Take heart in recognizing that all of these ideas have been handed down by our wise woman ancestors and never really belonged to anyone. Until Thomas Jefferson wrote it into the constitution, the idea of “owning” an idea (Intellectual Property) was not a thing!
Between You & The Moon
The name for our product line was chosen to honor the ongoing path of nature and reflect the idea that when we keep intimate matters intimate, true wisdom may be authentically revealed in a nurturing, loving, respectful place. It is here we can respect one another’s competencies in a spirit of cooperation and collaboration, not competition.
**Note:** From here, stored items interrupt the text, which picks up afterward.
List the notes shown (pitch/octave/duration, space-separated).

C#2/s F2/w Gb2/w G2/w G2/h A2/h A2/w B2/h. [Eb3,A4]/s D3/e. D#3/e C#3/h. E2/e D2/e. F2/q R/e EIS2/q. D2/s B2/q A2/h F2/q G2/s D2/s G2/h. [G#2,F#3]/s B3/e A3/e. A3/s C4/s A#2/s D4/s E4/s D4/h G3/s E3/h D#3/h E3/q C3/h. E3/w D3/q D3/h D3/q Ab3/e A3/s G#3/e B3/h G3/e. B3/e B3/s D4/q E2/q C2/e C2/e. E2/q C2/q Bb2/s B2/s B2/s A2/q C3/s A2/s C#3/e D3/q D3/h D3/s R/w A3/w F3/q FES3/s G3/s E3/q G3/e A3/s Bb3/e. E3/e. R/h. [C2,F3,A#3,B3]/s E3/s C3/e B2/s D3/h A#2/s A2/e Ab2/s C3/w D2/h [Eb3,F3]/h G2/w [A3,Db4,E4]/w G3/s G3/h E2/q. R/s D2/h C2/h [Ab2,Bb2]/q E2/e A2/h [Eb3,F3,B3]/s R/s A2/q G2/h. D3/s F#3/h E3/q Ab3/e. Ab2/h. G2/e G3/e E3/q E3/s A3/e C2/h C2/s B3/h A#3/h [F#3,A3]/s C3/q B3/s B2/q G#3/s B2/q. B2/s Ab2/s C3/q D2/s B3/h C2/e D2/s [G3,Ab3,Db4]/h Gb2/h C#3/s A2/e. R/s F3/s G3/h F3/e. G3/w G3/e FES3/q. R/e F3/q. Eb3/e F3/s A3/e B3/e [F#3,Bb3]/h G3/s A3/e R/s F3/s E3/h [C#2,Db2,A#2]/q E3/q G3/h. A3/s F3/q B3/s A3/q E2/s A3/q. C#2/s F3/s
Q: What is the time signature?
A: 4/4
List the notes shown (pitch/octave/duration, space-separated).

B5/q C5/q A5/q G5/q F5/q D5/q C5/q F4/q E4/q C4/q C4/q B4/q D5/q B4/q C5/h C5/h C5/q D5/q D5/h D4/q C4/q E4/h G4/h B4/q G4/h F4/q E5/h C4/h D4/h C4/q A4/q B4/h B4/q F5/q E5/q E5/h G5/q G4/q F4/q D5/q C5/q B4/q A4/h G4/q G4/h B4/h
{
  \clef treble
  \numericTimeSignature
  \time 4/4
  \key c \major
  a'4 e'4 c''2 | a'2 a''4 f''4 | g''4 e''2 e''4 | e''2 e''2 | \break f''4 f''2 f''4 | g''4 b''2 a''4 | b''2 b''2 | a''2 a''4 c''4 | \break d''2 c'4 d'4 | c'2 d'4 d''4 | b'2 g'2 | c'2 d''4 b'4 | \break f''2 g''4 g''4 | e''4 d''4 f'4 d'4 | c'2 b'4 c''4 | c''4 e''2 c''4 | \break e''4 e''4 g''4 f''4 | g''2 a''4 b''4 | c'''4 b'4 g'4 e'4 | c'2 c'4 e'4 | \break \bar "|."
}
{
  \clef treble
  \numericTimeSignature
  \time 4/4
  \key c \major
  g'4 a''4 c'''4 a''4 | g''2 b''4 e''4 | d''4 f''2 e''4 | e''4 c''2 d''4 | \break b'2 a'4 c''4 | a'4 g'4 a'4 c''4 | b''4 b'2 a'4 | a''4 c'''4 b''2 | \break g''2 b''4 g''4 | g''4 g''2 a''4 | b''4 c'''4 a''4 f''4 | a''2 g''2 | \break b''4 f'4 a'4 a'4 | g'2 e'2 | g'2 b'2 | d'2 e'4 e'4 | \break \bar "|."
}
Though this work may not attract those who want us to “name it, prove it and standardize it,” our hope is that it softly calls out to those who are drawn to go deeper.
“The Second Rule of Between You & The Moon…Somebody Must Have Talked…”
Despite many, many attempts to hush the Wise Women throughout the ages, we find each other and share our knowledge. There is nothing exciting to see here, but those who are looking for what we offer appear. These methods have been handed down through generations upon generations. The goods we craft are made by hand with gratitude, compassion, and generosity. There is no need or desire to cast away our invisibility cloak. We can wear it as we do our work: With a quiet boldness. We recognize that the loudest voices are not necessarily the wisest and that what our authentic self-care is not for public consumption–it can be kept between you and the moon.